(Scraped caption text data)
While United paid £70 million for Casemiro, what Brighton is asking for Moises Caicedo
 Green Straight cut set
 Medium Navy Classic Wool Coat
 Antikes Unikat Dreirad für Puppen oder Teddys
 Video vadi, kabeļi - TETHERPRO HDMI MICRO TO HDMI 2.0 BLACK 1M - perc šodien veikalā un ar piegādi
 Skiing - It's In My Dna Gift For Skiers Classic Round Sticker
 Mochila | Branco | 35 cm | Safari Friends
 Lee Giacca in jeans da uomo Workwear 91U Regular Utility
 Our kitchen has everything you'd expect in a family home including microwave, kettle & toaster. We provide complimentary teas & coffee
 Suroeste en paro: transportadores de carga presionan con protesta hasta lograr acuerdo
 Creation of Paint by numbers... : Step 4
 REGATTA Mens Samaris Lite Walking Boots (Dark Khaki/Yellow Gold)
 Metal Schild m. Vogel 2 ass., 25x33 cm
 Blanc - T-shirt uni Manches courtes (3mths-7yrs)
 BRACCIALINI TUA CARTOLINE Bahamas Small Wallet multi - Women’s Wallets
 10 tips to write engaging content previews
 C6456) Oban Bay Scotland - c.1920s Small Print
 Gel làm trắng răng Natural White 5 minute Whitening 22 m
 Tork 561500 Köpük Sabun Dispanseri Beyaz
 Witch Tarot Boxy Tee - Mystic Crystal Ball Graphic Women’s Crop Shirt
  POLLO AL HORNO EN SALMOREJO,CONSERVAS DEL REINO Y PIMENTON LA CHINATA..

» **Instructions to follow**
There is a line with "Lee Giacca in" and a line with "Our kitchen has" above. Copy exactly those two lines and all lines between them, with nothing else.

» **Solution for this task**
 Lee Giacca in jeans da uomo Workwear 91U Regular Utility
 Our kitchen has everything you'd expect in a family home including microwave, kettle & toaster. We provide complimentary teas & coffee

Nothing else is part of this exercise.